Fiona Rae: 'Maybe You Can Live On The Moon In The Next Century'




Fiona Rae, 'Maybe You Can Live On The Moon In The
Next Century',
Oil & Acrylic On Canvas, 2009

We had some lovely sunshine last weekend so I zoomed off to see Fiona Rae’s paintings at the New Walsall Art Gallery.  I’ve been looking at her work a lot lately in connection with my own work so it’s a fortuitous coincidence that the show recently transferred from Leeds to Walsall.  I’m ashamed to say it’s my first visit to the gallery and my first impression was that it’s amongst the more striking of the newer Art palaces, primarily because of it’s imposing five-story presence.


Walsall New Art Gallery



The gallery’s striking Brutalist block presides over an open square and redeveloped canal basin, typifying the brave new aesthetic that held sway in Blair's Britain just prior to the more recent economic collapse.  Such zones of misplaced optimism already look rather lost amidst the boarded shops and pop-up discount outlets that constitute our new urban reality.  Many of their stylish waterside apartments already seem eerily lifeless, - suggesting that harsh realities descended before anyone could even finish the first box of coffee filters.   Nevertheless, a striking modernist edifice being constructed opposite the gallery did intrigue me with its pleasing proportions, seductive dark-toned surfaces and achingly self conscious grid of square window frames fading from yellow to orange.






Having negotiated the steel band in the gallery foyer and glanced at a Damien Hirst exhibit, I climbed the building, pausing at stages to take photographs of the panoramic vistas from its windows.  I was particularly pleased by the sun-lit view diffused through drawn blinds that immediately recalled images by Gerhard Richter.







Gerhard Richter, 'Stadtbild M3 (Townscape M3)', Oil On Canvas, 1968

Fiona Rae’s show ‘Maybe You Can Live On The Moon In The Next Century’ covers work from the last twelve years and is a real thrill for those yearning for galleries full of ambitious, relevant, contemporary painting.  Like Paul Morrison’s work that I saw in Sheffield recently, Rae’s painting engages wholeheartedly with the inescapable changes wrought by digital technology on how we now assimilate images and interact both with the world of information and with information about the world.  Simultaneously, it’s fully committed to the potential of painting and the ways in which this ancient medium might still be amongst the most vibrant.

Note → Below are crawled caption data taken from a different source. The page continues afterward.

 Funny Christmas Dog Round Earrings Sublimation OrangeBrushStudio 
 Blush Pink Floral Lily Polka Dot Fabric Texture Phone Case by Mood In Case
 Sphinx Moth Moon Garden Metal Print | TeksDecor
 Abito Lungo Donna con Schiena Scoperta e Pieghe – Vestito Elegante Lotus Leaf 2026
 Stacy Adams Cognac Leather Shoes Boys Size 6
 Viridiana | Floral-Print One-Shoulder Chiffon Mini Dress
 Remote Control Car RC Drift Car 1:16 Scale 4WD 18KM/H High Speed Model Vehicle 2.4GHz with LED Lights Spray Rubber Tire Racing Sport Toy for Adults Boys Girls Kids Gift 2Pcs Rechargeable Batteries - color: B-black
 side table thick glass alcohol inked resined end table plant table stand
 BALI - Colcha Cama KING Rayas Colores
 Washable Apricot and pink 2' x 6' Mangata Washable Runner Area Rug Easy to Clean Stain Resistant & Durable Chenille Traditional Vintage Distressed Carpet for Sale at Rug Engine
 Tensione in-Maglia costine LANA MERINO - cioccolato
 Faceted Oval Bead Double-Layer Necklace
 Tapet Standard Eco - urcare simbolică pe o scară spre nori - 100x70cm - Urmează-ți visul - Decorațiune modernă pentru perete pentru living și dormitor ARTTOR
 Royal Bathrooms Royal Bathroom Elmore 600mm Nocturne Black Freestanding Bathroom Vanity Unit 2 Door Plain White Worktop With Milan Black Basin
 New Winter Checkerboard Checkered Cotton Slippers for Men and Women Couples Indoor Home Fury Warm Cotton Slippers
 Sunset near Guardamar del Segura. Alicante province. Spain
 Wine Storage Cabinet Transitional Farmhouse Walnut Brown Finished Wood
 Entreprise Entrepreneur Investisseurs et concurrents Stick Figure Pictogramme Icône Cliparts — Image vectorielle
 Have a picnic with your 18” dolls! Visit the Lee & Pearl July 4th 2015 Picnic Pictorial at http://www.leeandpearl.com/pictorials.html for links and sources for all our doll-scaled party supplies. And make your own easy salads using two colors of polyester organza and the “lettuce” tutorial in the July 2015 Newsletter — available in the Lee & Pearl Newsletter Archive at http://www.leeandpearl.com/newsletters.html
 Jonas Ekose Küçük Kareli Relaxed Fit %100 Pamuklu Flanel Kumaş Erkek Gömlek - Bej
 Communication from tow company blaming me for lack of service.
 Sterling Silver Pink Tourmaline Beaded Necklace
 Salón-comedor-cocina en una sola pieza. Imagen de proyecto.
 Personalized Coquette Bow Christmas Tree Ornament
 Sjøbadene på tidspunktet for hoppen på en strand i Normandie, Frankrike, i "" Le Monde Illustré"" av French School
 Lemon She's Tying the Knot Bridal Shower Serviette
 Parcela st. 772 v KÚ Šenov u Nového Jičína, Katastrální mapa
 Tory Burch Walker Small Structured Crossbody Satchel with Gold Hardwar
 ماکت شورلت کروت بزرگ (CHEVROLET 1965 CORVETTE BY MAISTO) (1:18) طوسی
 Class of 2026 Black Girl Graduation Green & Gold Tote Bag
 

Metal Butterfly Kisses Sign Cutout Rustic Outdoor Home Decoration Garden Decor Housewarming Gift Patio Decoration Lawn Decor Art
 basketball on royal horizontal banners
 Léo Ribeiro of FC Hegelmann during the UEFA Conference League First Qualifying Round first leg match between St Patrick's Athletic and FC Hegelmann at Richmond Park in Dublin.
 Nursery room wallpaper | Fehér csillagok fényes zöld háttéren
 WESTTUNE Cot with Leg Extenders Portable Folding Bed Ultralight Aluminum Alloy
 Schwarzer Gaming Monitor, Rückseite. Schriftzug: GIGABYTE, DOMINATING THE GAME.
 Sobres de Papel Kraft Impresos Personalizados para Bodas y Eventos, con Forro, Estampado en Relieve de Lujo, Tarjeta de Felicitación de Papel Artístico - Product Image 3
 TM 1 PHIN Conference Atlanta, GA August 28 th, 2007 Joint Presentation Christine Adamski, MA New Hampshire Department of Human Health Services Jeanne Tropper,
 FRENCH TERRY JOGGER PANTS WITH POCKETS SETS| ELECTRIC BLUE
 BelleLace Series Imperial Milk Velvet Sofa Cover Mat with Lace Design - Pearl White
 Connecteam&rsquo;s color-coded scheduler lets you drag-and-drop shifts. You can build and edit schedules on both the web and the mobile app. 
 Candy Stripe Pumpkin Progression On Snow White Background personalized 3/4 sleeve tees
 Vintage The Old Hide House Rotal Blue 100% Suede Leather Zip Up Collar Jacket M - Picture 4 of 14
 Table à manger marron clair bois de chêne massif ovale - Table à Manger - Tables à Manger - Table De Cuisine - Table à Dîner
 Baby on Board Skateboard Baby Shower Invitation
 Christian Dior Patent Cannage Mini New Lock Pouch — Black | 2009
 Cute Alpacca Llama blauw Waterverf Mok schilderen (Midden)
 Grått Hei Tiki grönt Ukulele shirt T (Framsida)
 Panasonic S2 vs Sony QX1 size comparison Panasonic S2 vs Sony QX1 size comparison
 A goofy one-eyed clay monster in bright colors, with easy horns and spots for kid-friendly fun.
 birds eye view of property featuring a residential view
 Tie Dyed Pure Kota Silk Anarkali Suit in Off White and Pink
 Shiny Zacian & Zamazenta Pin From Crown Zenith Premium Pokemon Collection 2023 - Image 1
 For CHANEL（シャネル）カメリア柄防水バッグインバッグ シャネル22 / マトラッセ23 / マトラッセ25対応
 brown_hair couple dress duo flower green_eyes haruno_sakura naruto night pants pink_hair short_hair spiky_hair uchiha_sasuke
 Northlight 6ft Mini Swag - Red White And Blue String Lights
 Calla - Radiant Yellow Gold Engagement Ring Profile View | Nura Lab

“Taken together, Rae’s paintings offer a dazzling inventory of the possibilities of paint: every colour and shade, every density and mode of application: brushed, dripped, drawn, stencilled, straight-ruled.  Thick and chalky, or thinned to a point of evanescence.  In her art Rae pays homage to the history of abstraction, from Miro to Kandinsky, to Jackson Pollock and Morris Louis – although none of these painters ever displayed quite Rae’s on-canvas exuberance and eccentricity.” [1.]


Fiona Rae, 'Tokyo Popeyes', Oil. Acrylic & Glitter
On Canvas, 2004

Fiona Rae, 'Angel', Oil & Acrylic On Canvas, 2000
  
The multiplicity of motifs and strategies on show in a room full of Rae’s might become enervating if it weren’t for their joyous good humour and sense of visual adventure.  Each painting seems to immerse the viewer in a chaotic dance of swirling sensory stimuli and imaginative possibilities.

“Helping us gain a steady, unambiguous grip on her paintings is evidently not Rae’s chosen primary task as a painter, which remains to reply – as exhaustively as possible – to the query: what is a painting and how can it be made?”  [2.]


Fiona Rae, 'We Go In Search Of Our Dream...', Oil & Acrylic On Canvas, 2007

The hour I spent with Rae’s paintings really cheered me.  I’m still processing the thoughts they triggered so I expect this mental thread will extend into another post.


Fiona Rae, 'Bold As AWild Strawberry, Sweet As A
Naughty Girl,'
 Oil & Acrylic On Canvas, 2009




[1.] & [2.]:  Gilda Williams, ‘You Balance The Picture In My Head:  On Fiona Rae’s Paintings’ in ‘Fiona Rae: Maybe You Can Live On The Moon In The Next Century’, (Exhibition Catalogue), London, Leeds Museums & Galleries/Ridinghouse, 2012.